My first modern mobile app was for Palm devices back in 1998.

For phones you had the Nokia family lines had S30, S40, and other product lines, but they had small screens such as QVGA 240x320 resolution and even 96x95. Yes, people actually used the 96x95 screens for web browsing, and sadly many people today are stupidly making mobile sites based on the recommendations from that era.

For non-phones, Palm started to drop in market share around 2002 as WinCE devices like the HP iPaq lines took off, with the hx4700 and Dell Axim x30/x50 lines looking very similar to today's modern devices. People complained about how these big devices struggled to fit in your pocket, calling the screen sizes lavish and unnecessary. These had relatively high-density 640x480+ 4" screens, wifi, bluetooth, video out, often dual SDHC and CF card slots, and starting with Dell's x51 even 3D graphics processors. The X50 series used the same audio processors as the early ipod devices, and I used mine with two cards (4GB SD and 4GB CF card) to store music and videos on. I already had one so I didn't need an ipod, and I would pass it back to my kids where they watched rips of their favorite DVDs; we could plug it in to the van's video system and a USB plug in the lighter kept it charged up. At its peak I think I had around 80 full-length movies on two cards for the kids to watch during long drives.
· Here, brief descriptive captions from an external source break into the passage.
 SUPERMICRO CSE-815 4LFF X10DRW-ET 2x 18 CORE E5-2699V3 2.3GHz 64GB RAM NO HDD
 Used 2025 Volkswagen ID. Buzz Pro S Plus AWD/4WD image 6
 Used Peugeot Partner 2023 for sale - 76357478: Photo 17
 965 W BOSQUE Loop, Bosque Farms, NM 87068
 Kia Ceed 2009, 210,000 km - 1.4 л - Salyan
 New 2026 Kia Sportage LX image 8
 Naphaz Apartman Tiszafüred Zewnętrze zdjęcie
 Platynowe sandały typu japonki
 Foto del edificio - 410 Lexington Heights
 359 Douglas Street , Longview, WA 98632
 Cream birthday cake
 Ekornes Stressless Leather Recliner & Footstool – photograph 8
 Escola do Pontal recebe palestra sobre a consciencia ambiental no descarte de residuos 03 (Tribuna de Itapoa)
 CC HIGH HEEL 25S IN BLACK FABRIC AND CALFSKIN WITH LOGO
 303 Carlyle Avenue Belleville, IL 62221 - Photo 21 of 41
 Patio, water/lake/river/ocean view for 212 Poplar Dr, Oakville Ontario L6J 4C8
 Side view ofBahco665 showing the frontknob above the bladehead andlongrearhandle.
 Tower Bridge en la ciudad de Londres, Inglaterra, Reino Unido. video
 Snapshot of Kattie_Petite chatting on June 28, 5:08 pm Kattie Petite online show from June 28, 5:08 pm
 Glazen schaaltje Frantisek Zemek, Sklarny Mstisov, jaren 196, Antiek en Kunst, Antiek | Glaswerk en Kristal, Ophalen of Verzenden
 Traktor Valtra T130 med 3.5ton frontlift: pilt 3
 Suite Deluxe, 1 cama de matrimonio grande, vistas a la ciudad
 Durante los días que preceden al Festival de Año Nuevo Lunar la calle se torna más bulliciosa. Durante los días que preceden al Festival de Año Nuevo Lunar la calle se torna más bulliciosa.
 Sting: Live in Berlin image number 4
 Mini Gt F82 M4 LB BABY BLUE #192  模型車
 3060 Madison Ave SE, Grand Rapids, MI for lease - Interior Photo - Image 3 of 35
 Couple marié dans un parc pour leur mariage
The only thing they were missing was sim cards, which was pointed out on many review sites as a suggestion for both HP and Dell, but neither took the bait.

Many people back in 2004-2005 were constantly asking when they were going to merge. You can search the XDA Developers site (it was actually devoted to the real XDA mobiles that ran Windows CE back then) to see some of the discussions and email feedback from Dell and HP as they were critical of the idea. They ignored the profitable ideas until Apple merged them in 2007.